> [PROVIDED ENTRIES]:
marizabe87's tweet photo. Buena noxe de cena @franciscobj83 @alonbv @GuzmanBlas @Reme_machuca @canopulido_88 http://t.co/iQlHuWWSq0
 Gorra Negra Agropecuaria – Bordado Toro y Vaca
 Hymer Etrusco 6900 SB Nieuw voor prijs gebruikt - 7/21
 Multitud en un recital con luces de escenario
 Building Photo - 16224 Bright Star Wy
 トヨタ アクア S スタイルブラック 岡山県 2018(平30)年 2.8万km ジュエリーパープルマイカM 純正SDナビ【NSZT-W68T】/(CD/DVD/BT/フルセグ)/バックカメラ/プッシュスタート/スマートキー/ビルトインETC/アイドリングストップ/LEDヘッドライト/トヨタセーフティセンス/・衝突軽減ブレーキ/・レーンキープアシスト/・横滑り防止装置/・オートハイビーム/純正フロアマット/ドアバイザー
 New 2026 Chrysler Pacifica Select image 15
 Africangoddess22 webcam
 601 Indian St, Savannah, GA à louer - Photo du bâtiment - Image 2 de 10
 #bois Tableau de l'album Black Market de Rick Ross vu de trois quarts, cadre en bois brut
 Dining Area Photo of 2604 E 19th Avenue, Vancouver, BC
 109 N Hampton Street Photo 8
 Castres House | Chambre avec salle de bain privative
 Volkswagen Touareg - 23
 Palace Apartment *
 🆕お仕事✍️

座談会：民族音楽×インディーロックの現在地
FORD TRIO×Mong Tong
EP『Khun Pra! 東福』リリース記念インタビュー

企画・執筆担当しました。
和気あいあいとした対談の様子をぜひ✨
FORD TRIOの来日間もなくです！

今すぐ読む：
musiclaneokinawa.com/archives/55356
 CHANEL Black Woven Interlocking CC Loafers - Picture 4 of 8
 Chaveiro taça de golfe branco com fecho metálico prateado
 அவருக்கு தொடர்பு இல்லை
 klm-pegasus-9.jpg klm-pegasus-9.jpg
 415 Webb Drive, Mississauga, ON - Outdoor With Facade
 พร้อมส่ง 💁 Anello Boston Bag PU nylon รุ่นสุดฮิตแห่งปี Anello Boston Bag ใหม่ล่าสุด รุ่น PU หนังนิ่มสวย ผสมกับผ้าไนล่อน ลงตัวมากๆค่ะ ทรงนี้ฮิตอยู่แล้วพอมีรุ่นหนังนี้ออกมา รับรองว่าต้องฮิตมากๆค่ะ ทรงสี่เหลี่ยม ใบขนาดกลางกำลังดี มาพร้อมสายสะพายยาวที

> [WHAT TO PRODUCE]:
Retype the listing from its first line onward, stopping after the line that contains "座談会：民族音楽×インディーロックの現在地" has been retyped in full.

> [RESULT]:
marizabe87's tweet photo. Buena noxe de cena @franciscobj83 @alonbv @GuzmanBlas @Reme_machuca @canopulido_88 http://t.co/iQlHuWWSq0
 Gorra Negra Agropecuaria – Bordado Toro y Vaca
 Hymer Etrusco 6900 SB Nieuw voor prijs gebruikt - 7/21
 Multitud en un recital con luces de escenario
 Building Photo - 16224 Bright Star Wy
 トヨタ アクア S スタイルブラック 岡山県 2018(平30)年 2.8万km ジュエリーパープルマイカM 純正SDナビ【NSZT-W68T】/(CD/DVD/BT/フルセグ)/バックカメラ/プッシュスタート/スマートキー/ビルトインETC/アイドリングストップ/LEDヘッドライト/トヨタセーフティセンス/・衝突軽減ブレーキ/・レーンキープアシスト/・横滑り防止装置/・オートハイビーム/純正フロアマット/ドアバイザー
 New 2026 Chrysler Pacifica Select image 15
 Africangoddess22 webcam
 601 Indian St, Savannah, GA à louer - Photo du bâtiment - Image 2 de 10
 #bois Tableau de l'album Black Market de Rick Ross vu de trois quarts, cadre en bois brut
 Dining Area Photo of 2604 E 19th Avenue, Vancouver, BC
 109 N Hampton Street Photo 8
 Castres House | Chambre avec salle de bain privative
 Volkswagen Touareg - 23
 Palace Apartment *
 🆕お仕事✍️

座談会：民族音楽×インディーロックの現在地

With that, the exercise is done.